While we were arguing in Neroni v Zayas that disciplinary committees MUST keep records of discipline for ALL attorneys, with proper indexing and archiving, for further review as to selective enforcement issues and verification of whether certain discipline was, in fact, imposed, committees are lobbying elimination of ANY records for their private discipline.

This rule was adopted, very likely, because of public pressure to disclose dismissals of complaints and analyze possible selective enforcement.

You cannot analyze oral discipline, or lack thereof, can you.

On the other hand, committees can always argue against attorneys they want to disbar, as a point of "aggravating circumstance" that these attorneys were previously disciplined through an "oral admonishment".  How can you prove or disprove that there was an oral admonishment?  If it will be proven on affidavits by members or attorneys of the committees prepared for litigation, those affidavits will be freely given, perjured and all.  No problem.  I am seeing it all the time.

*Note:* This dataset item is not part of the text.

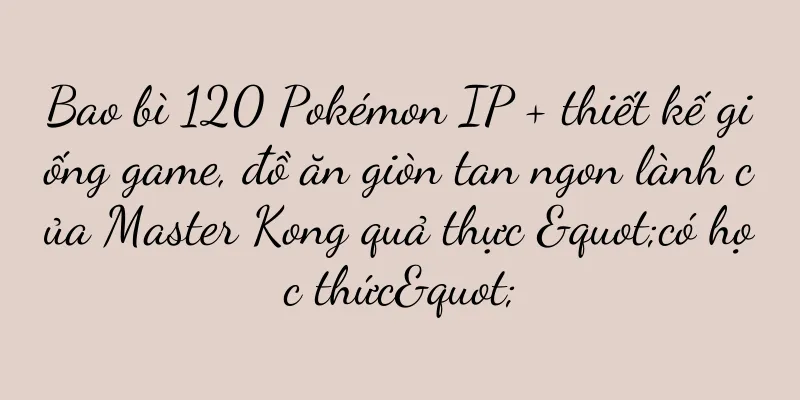 Bao bì 120 Pokémon IP + thiết kế giống game, đồ ăn giòn tan ngon lành của Master Kong quả thực "có học thức"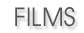Films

So, will we next have oral money judgments?

Oral criminal convictions?

And all of those oral things made upon oral submissions by attorneys and oral acceptance by courts and agencies?

Will eliminate the necessity to create any records completely.

A lovely idea, I wonder who was the author.

When these guys are engaged in a lobbying frenzy, they seem to switch off their brains and do not even think how they actually look.

So, the Commission, claiming that "time is a luxury", 

  • proposed to invent laws that already exist:
    • for incompetents and
    • for criminal prosecutions of theft;
  • proposed rules that did not have to be proposed because
    • courts already have authority of rule-making and can do it without reports or recommendations, and because
    • the same courts and committees are opposing the same issues at the very same time in multiple lawsuits in federal court - appears frivolous to me
  • engaged in relentless efforts to further defy antitrust law and to allow further selective enforcement of attorney discipline:
    • by trying to quash the "revolutionary" undertakings in the First Department, and
    • by trying to introduce "oral" discipline against attorneys, thus avoiding public scrutiny of selective enforcement and further selective enforcement by being able to claim aggravating circumstances against targeted attorneys backed up by perjured affidavits only, no records of admonishment proceedings
In other words, they WASTED OUR TIME AND MONEY.

What can you expect from crooks who are responsible for the current mess to begin with?  That they will suddenly get honest and correct it?


On this harmonious note let me finish today's analysis of the Report.  I will continue, there are other outstanding issues remaining.